After a year at CERN in 1959, Tihiro joined Kerst at GA in San Diego, California, and changed his focus to fusion energy research. Thus began what would be a highly successful 40 years spent seeking to bring fusion energy to realization.
Hydrogen nuclei fusing in the Sun and other stars are confined by gravity. Tihiro was particularly intrigued by the prospect that magnetic confinement fusion on Earth could give humanity an endless supply of energy. His early experiments with Kerst in small toroidal machines were designed to demonstrate that fusion reactions might occur in scaled-up devices.
Kerst returned to Wisconsin after a funding cut at GA in 1967, but Tihiro was ultimately able to obtain government funding to expand GA’s research effort. Confinement research was key because several early experiments suggested that magnetic confinement in toroidal plasmas could be maintained no longer than the Bohm time—in which case magnetic fusion would not be practicable. The first major triumph from Tihiro and his group was the demonstration, in their 3-meter-high dc octopole, that the Bohm time was not an upper limit to confinement.
Tihiro saw that stably confining sufficient plasma pressure demanded highly shaped, vertically elongated plasma cross sections. He designed an elongated tokamak with a peanut-shaped cross section that he called a doublet, which he tried first in a tabletop version before building the larger Doublet II. Early results from those tokamaks were so encouraging that the group won a contract in 1973 to build a 9-meter-tall experimental tokamak, Doublet III.
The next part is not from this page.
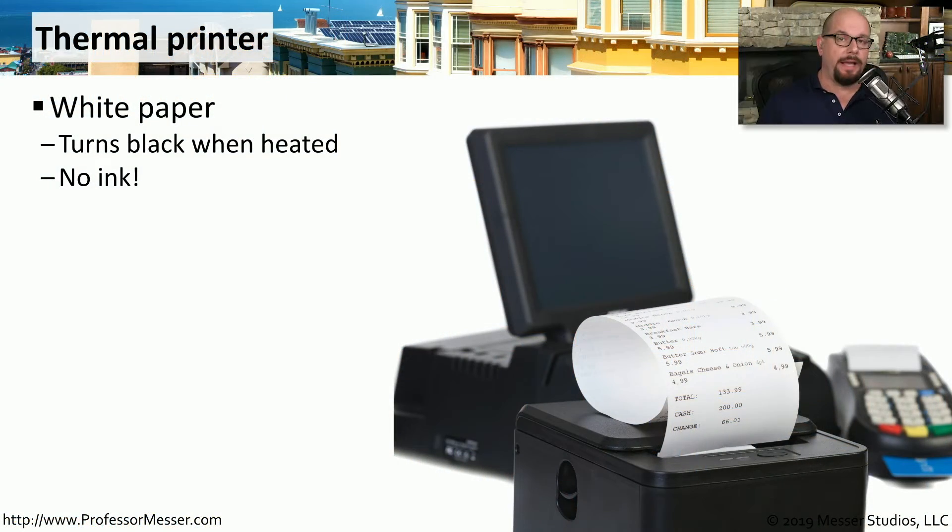A thermal printer doesn't have any ink, and it doesn't use any toner. Instead, it uses a special type of paper. As that paper is sent through the printer, portions of the page are heated, and every place that is heated turns black.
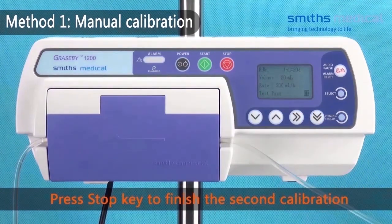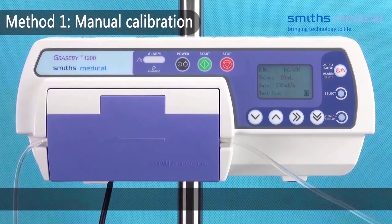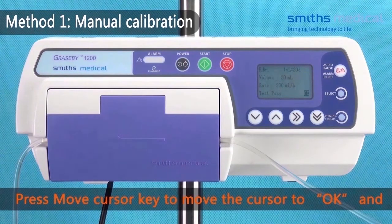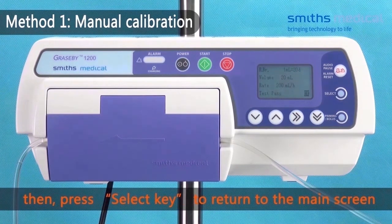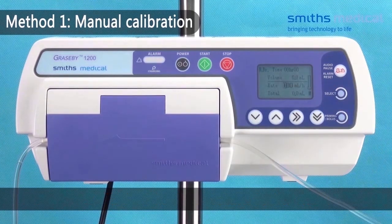Press the stop key to finish the second calibration. When the calibration is accepted, the screen displays OK. Press the move cursor key to move the cursor to OK, then press the select key to return to the main screen. Rate calibration is finished.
By the end of the 1970s, Doublet III was a major national effort that employed more than 200 experimentalists, theoreticians, engineers, and technicians. To extend the program and obtain major additional funding, Tihiro secured participation from the Japan Atomic Energy Research Institute and thus formed the first of many international collaborations that now characterize the GA fusion energy effort. In 1979 Tihiro received the James Clerk Maxwell Prize for Plasma Physics from the American Physical Society.
Doublet III was later upgraded to DIII-D, which continues as a leading facility in international fusion research. Tihiro’s legacy is evident in the vertically elongated shapes of modern tokamaks.
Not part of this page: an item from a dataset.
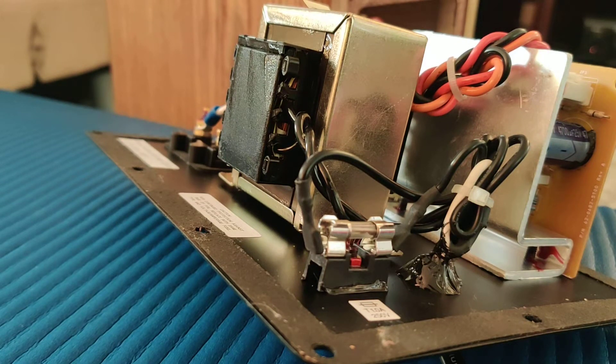When I plug this in, what looks like this transformer here starts buzzing intermittently. I've already disconnected the subwoofer from the amplifier, but when the subwoofer was connected, it would thrum, honk — something to that effect.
In 1980, with funding from GA and Phillips Petroleum, Tihiro tried another configuration, similar to a reversed-field pinch, which he called ohte (Japanese for “checkmate” in chess). The ohte machine ran for eight years, produced good results, and advanced the reversed-field pinch concept. While retaining his interest in fusion energy, in 1986 Tihiro broadened his research endeavors at GA. With a chosen group of scientists, he formed an “institute for the development of advanced technology.” He explored many disciplines, including biotechnology, high-Tc superconductivity, and low-frequency communications.
He left GA in 1994 and spent the next 20 years developing innovative solutions to many problems. He formed three companies, notably the Archimedes Technology Group, which focused on a new method of remediating nuclear waste by using plasma processing. Another concentrated on biotechnology developments, and the third, formed with colleagues in Japan, centered on other spinoffs of plasma-physics technology. That period was in many ways his most productive. In all, he held more than 80 patents and was the primary author of more than 170 scientific publications.
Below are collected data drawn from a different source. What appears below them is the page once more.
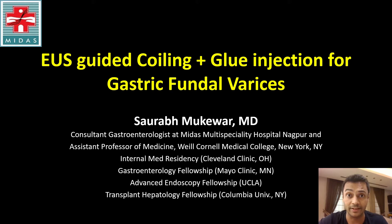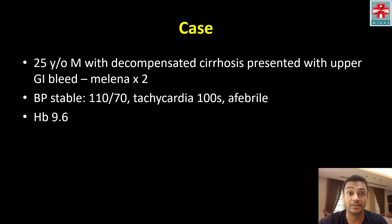I'll be presenting a case of EUS-guided coiling and glue injection for management of gastric fundal varices. This is a 25-year-old male with decompensated cirrhosis who presented with upper GI bleeding in the form of melena times two. Vitals were stable with blood pressure 110 over 70, tachycardia in the hundreds, afebrile, and hemoglobin was down to 9.6.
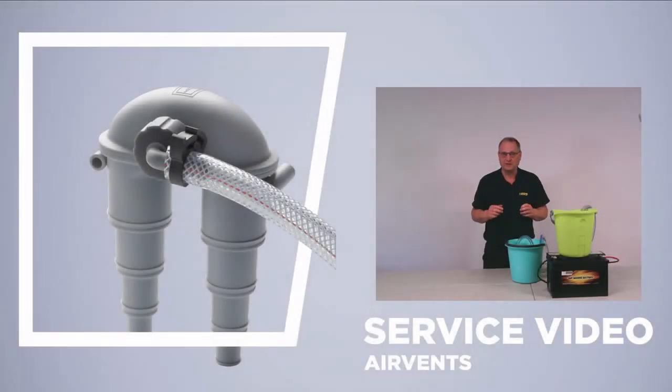Thanks for your time and attention. I hope this video on the VATIS air vent helps to keep your boat carefree and safe, giving you many hours of enjoyable time out on the waterways. Thank you.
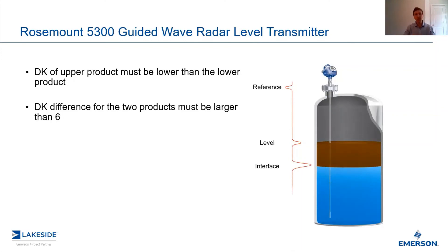In oil-water applications, oil is typically between two to four and water is in the 80s. So we have a substantial difference between the dielectric constants, which allows us to deliver a reliable level measurement.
We and his other close associates cherish our memories of him—his deep intellect, his originality, his contests to spur creativity in others, and his vast interest in all forms of innovation. Physics was clearly his passion, but he participated in a range of other activities. He followed local professional sports teams and played golf, tennis, and soccer. He enjoyed annual family skiing and Las Vegas trips. His broad intellectual reach and his internationalism made him truly a citizen of the world, a consummate scientist who excelled at transcending boundaries.